## Your goal
Restate word for word only the lines from the one with "Diesel S-Slante-D Low Sneakers H4072" through the end of the records; no pictures belong in the copy.
==== Exercise input
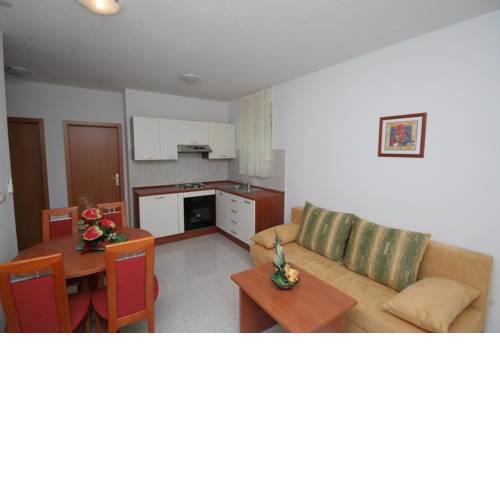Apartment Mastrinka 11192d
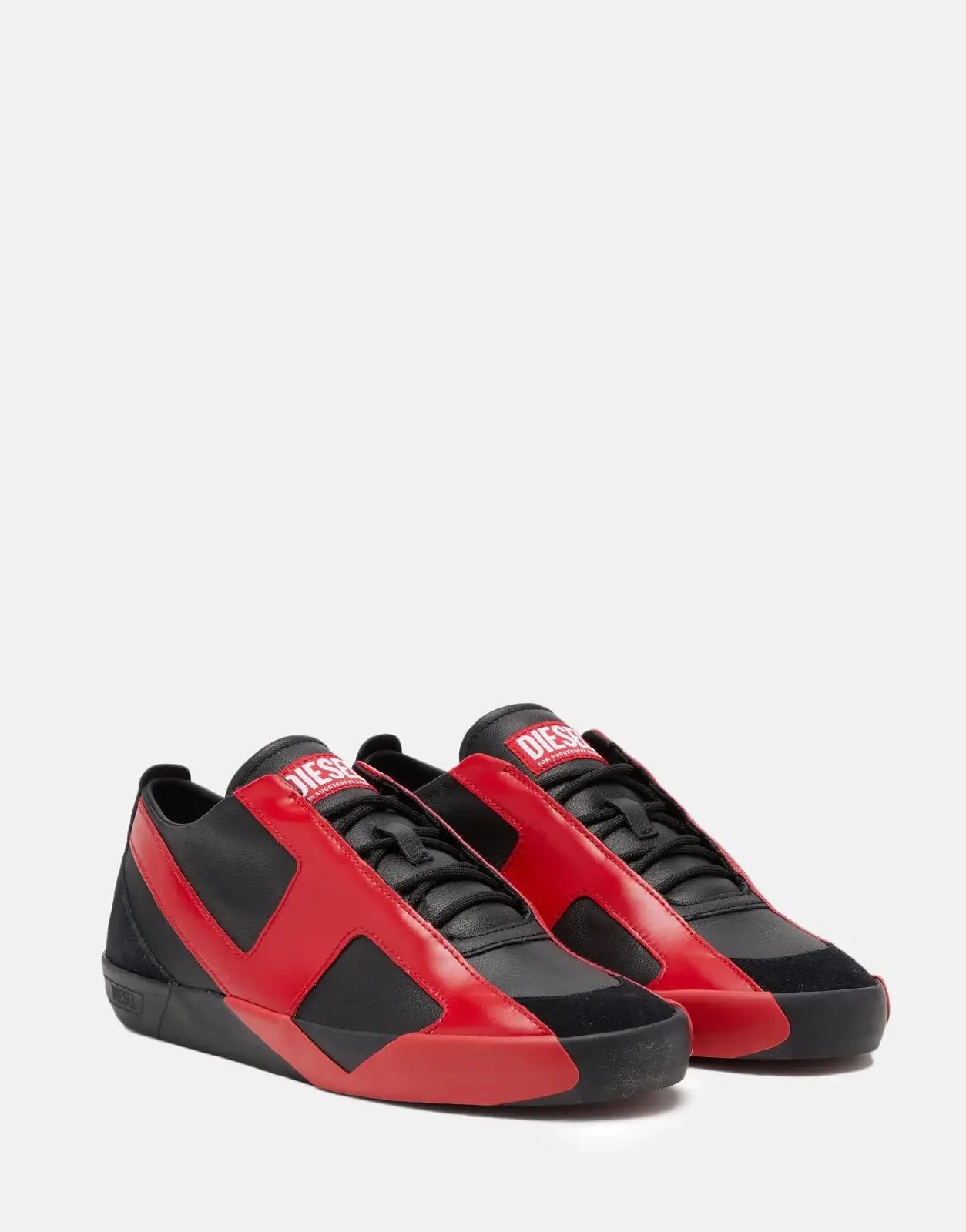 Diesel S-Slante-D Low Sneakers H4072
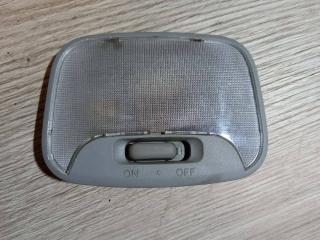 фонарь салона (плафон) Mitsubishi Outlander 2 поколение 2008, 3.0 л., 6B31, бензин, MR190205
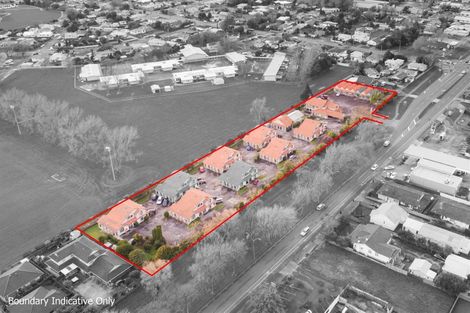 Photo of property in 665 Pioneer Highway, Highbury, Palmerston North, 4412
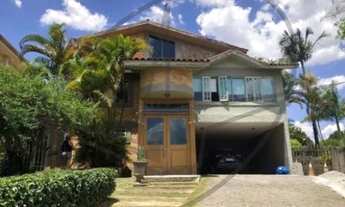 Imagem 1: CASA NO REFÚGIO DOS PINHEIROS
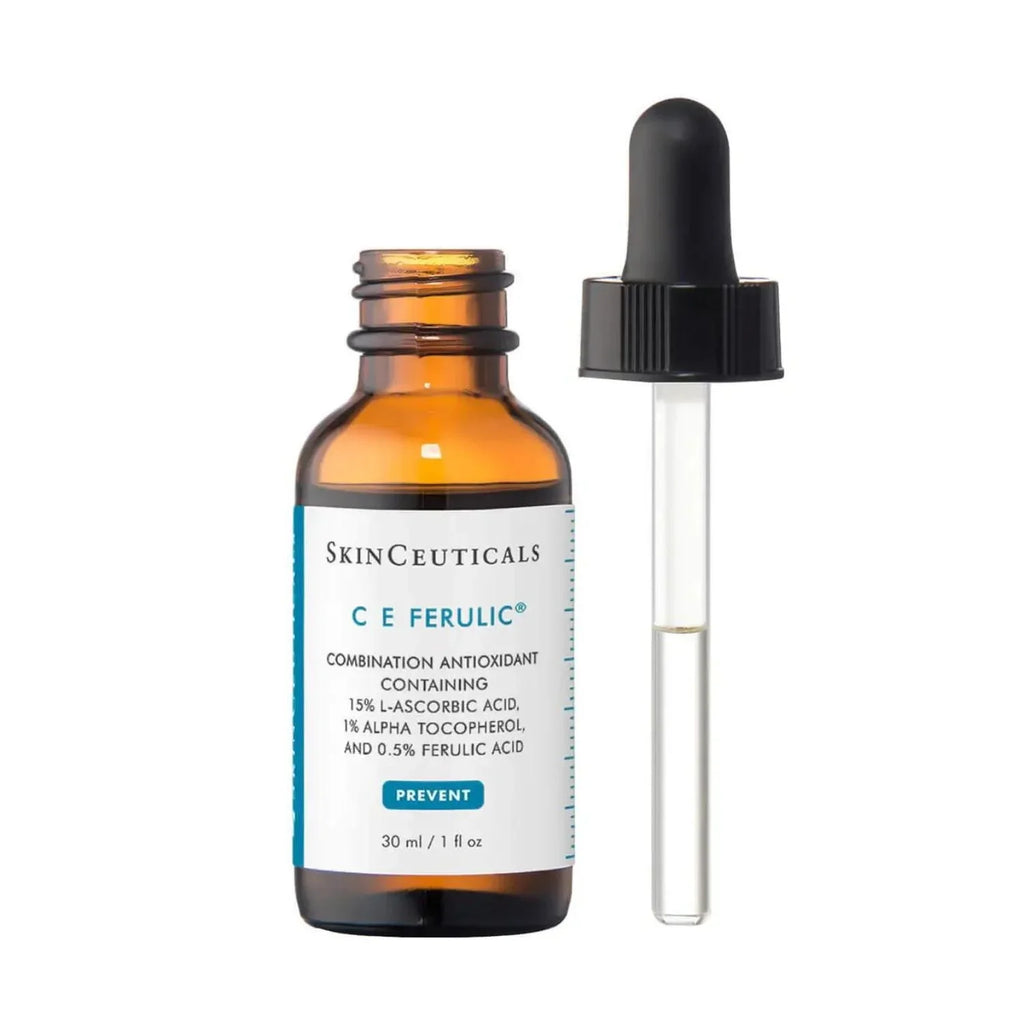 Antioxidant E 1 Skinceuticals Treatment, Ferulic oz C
========
## Result of the exercise
 Diesel S-Slante-D Low Sneakers H4072
 фонарь салона (плафон) Mitsubishi Outlander 2 поколение 2008, 3.0 л., 6B31, бензин, MR190205
 Photo of property in 665 Pioneer Highway, Highbury, Palmerston North, 4412
 Imagem 1: CASA NO REFÚGIO DOS PINHEIROS
 Antioxidant E 1 Skinceuticals Treatment, Ferulic oz C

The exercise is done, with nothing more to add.